Intervention de Jacques Toubon

Commission des lois constitutionnelles, de législation, du suffrage universel, du Règlement et d'administration générale — Réunion du 22 février 2017 : 2ème réunion
Audition de M. Jacques Toubon défenseur des droits sur son rapport annuel d'activité pour 2016

Jacques Toubon, Défenseur des droits :

Les services de sécurité sont aussi touchés, et des commissariats, par exemple, ont été fermés.

La grande enquête que nous avons lancée l'an dernier, à laquelle 5 000 personnes ont répondu, a permis de mettre en lumière le fait que beaucoup de personnes, soit qu'elles ne savent pas y avoir droit, soit qu'elles estiment leur situation inéluctable, n'ont pas recours au droit pour les défendre. Une personne sur dix, seulement, victime de discriminations réelles a recours à nos services ou fait appel à la justice.
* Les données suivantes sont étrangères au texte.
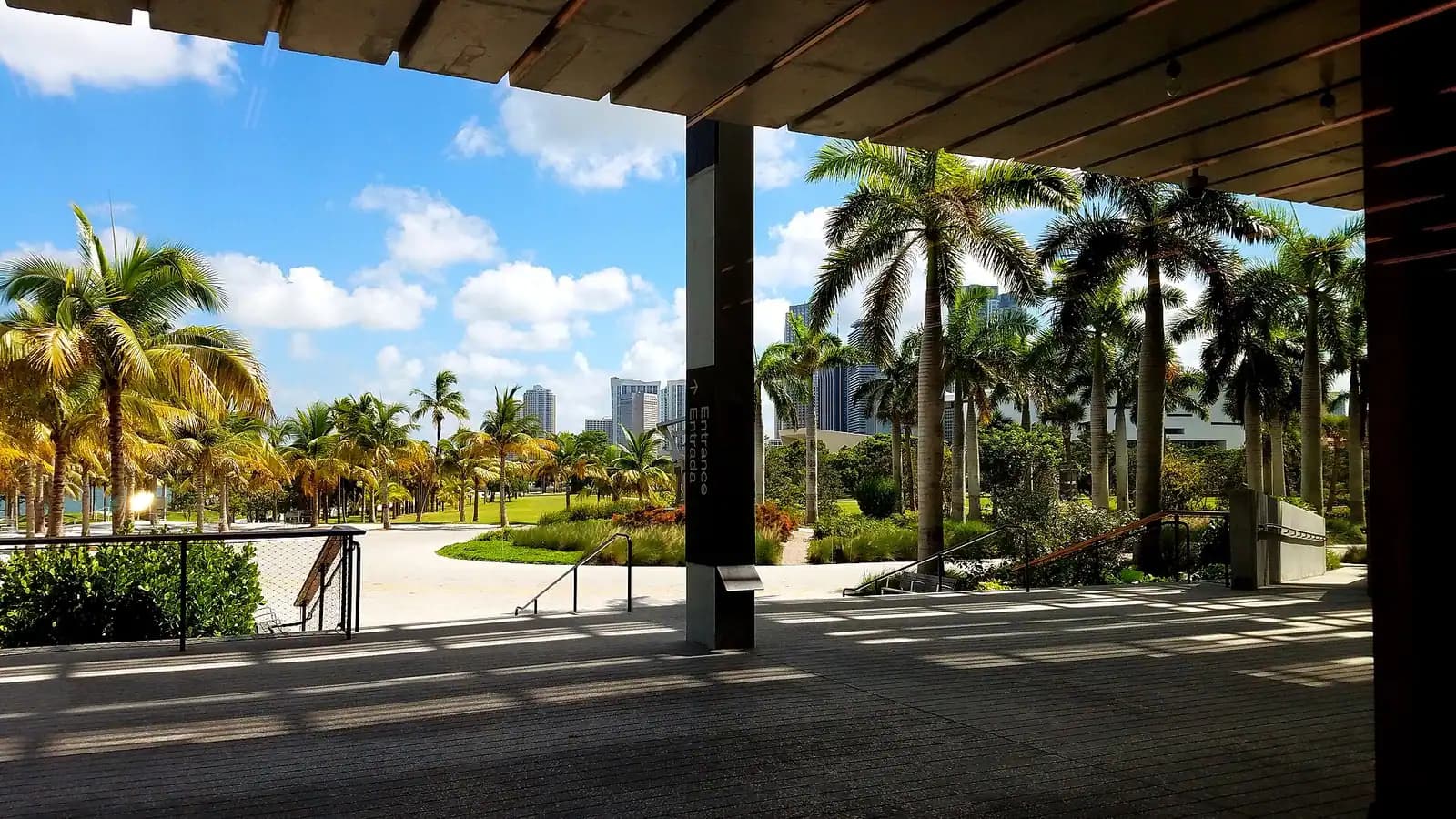 The deep slatted canopy of Pérez Art Museum Miami shading an open veranda above the bayfront lawn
La difficulté d'accès au droit peut aussi être intrinsèque : elle est la conséquence de problèmes économiques et sociaux, et notamment de situation de pauvreté.
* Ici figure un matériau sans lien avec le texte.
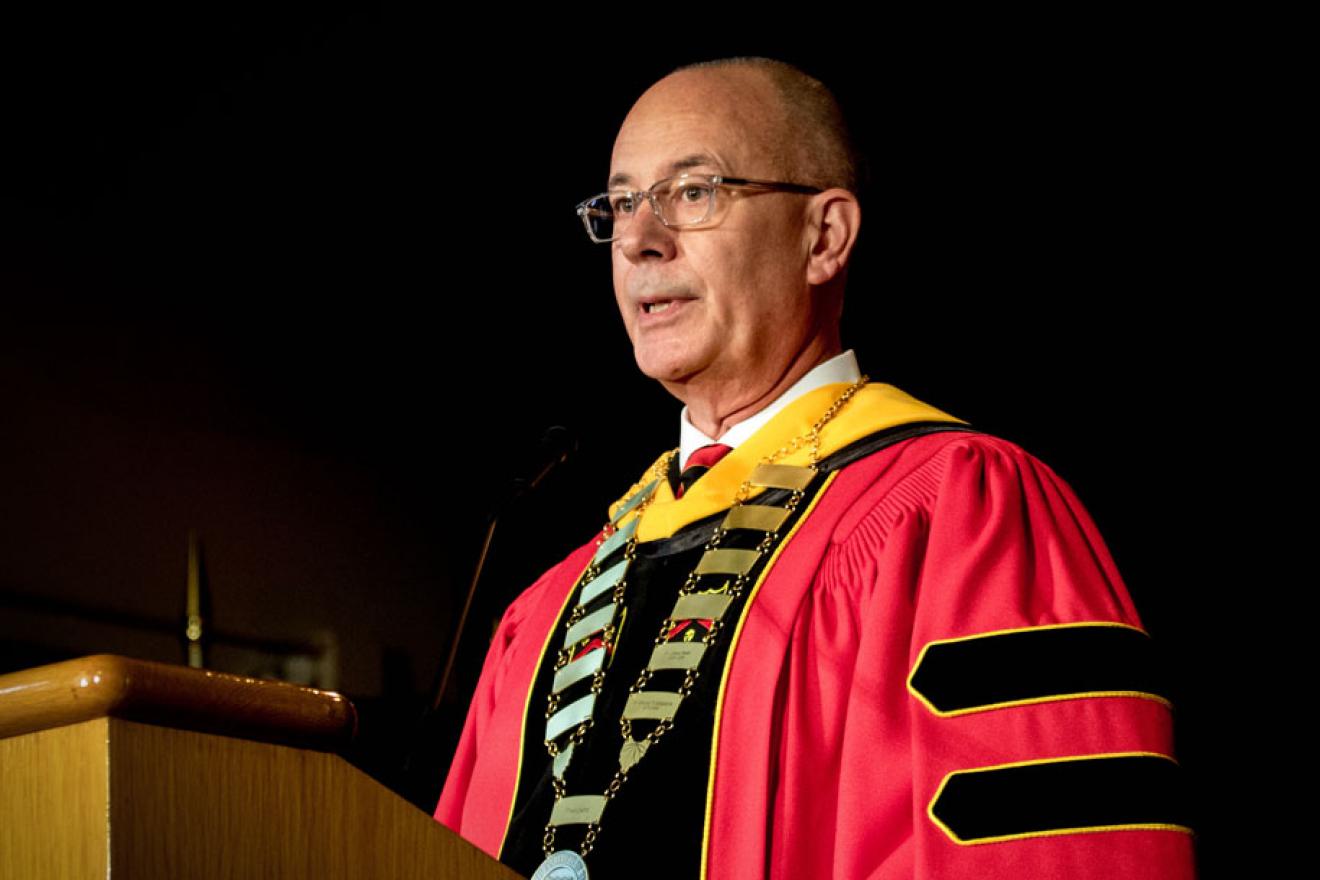 President Thompson speaks at a podium during the inauguration ceremony.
Or nous avons abandonné le discours de la lutte contre la discrimination. Désormais, le discours sur l'identité a supplanté le discours sur l'égalité. Conséquence : les personnes victimes de discrimination peuvent sentir que la République n'est pas pour elles. Cela peut contribuer à expliquer le phénomène d'abandon de la chose publique.
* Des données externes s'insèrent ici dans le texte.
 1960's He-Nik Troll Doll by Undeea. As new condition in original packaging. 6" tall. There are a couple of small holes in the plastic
Dans cette enquête, par exemple, nous avons fait un point sur les contrôles d'identité : si 80 % des personnes interrogées n'avaient jamais eu de problème, 16 %, en revanche, s'estimaient particulièrement ciblées. J'ajoute que, pour la moitié d'entre elles, ces contrôles ne se passaient pas bien.

Face à ces situations, le Défenseur des droits réagit en développant ses activités d'information. Les délégués sont devenus des « orienteurs » dans l'administration et les services sociaux. C'est une mission d'autant plus difficile que les services en question se sont rétractés.

J'appelle votre attention sur un autre point. Nous publierons dans quelques semaines un rapport sur l'ambigüité des effets de la lutte contre la fraude, en particulier contre la fraude sociale. On peut se demander si les chicanes mises par l'administration pour éviter que certains ne puissent bénéficier de manière indue d'une allocation ne finissent pas par avoir l'effet inverse. Nous sommes par exemple très réservés sur l'idée de certains départements - le Bas-Rhin, le Haut-Rhin, le Nord - de fixer des conditions à l'attribution du RSA. Certes, les départements connaissent des problèmes de trésorerie, mais ces droits sont des droits directs, et les conditions fixées à leur attribution ne peuvent qu'être légales.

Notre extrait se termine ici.